◆ Work request:
Each line below should be retyped exactly, with no pictures.

(Data begins)

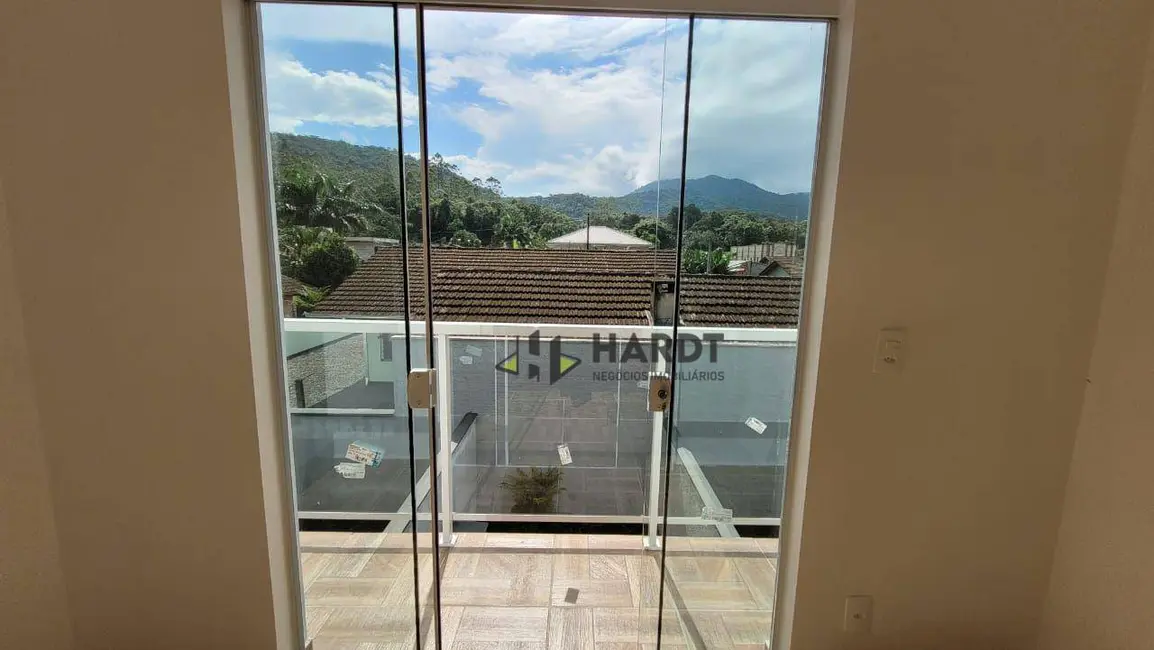 Casa de Condomínio com 2 quartos para alugar, 71m2 em Rio Bonito (Pirabeiraba), Joinville - SC - imagem 5 Foto 5 de Casa de Condomínio com 2 quartos para alugar, 71m2 em Rio Bonito (Pirabeiraba), Joinville - SC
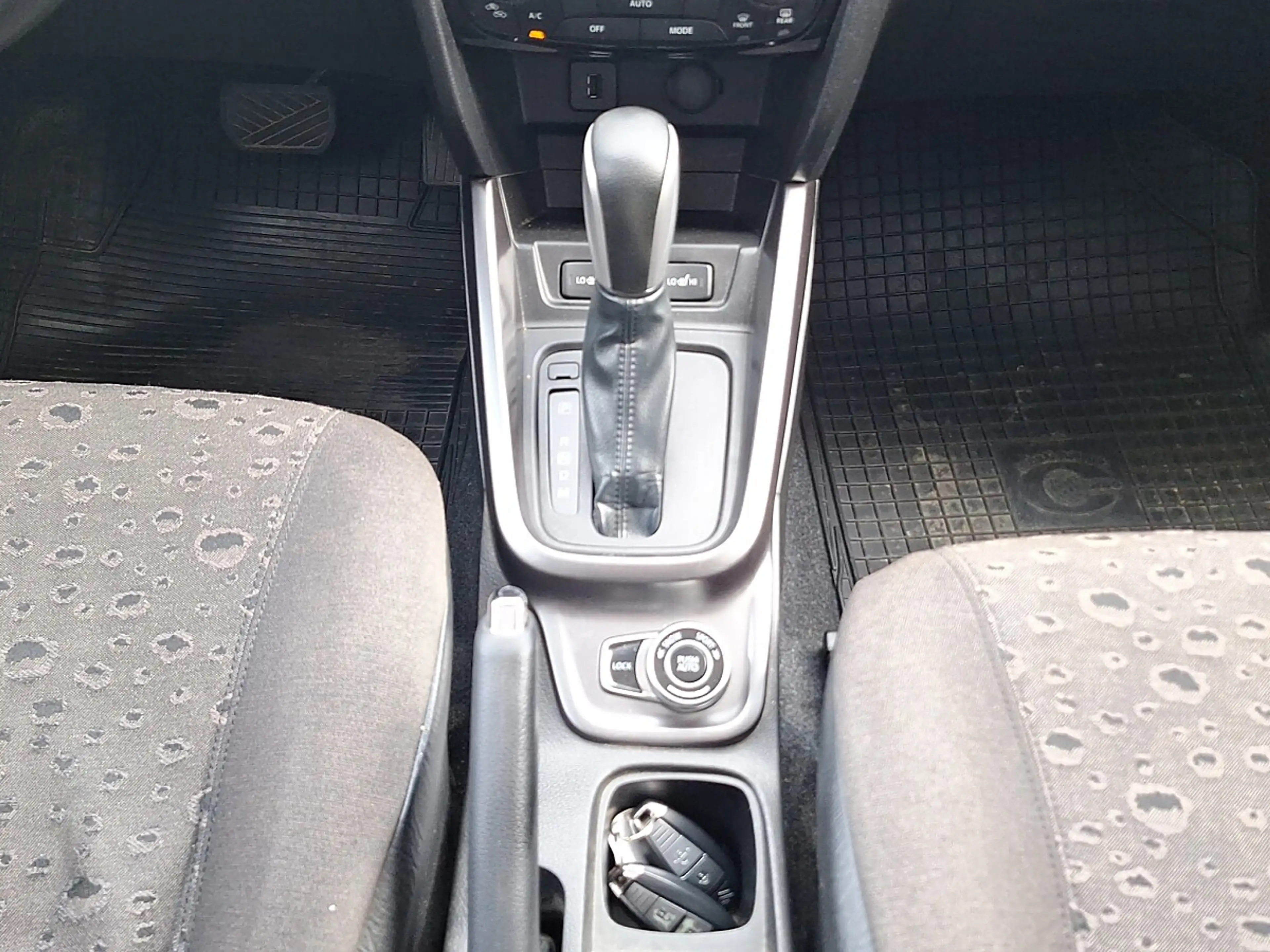 Suzuki Vitara 1,4 DITC ALLGRIP flash Aut. — photo 14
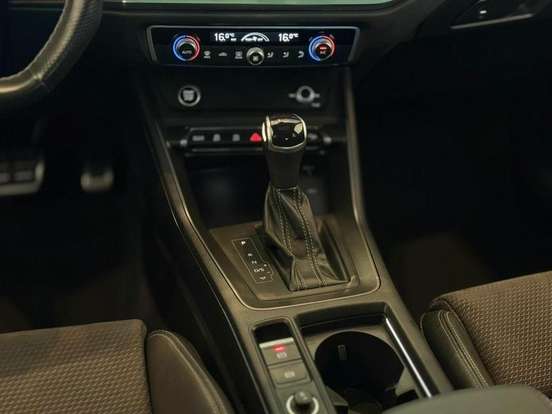 AUDI-Q3-2022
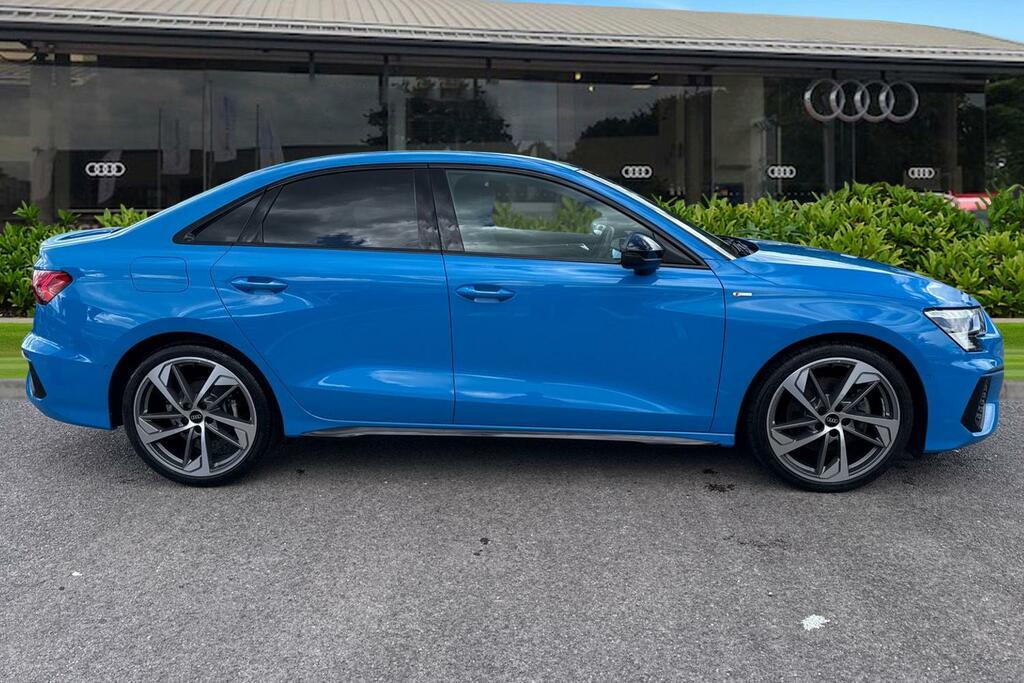 Audi A3 Edition 1 35 Tfsi 150 Ps S Tronic Blue #3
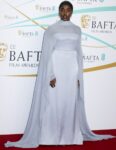 şirret | Florence Pugh, BAFTA'larda özel yapım Nina Ricci giydi: turuncu giydiğine sevindin mi???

(Data ends)

◆ Response for this exercise:
 Casa de Condomínio com 2 quartos para alugar, 71m2 em Rio Bonito (Pirabeiraba), Joinville - SC - imagem 5 Foto 5 de Casa de Condomínio com 2 quartos para alugar, 71m2 em Rio Bonito (Pirabeiraba), Joinville - SC
 Suzuki Vitara 1,4 DITC ALLGRIP flash Aut. — photo 14
 AUDI-Q3-2022
 Audi A3 Edition 1 35 Tfsi 150 Ps S Tronic Blue #3
 şirret | Florence Pugh, BAFTA'larda özel yapım Nina Ricci giydi: turuncu giydiğine sevindin mi???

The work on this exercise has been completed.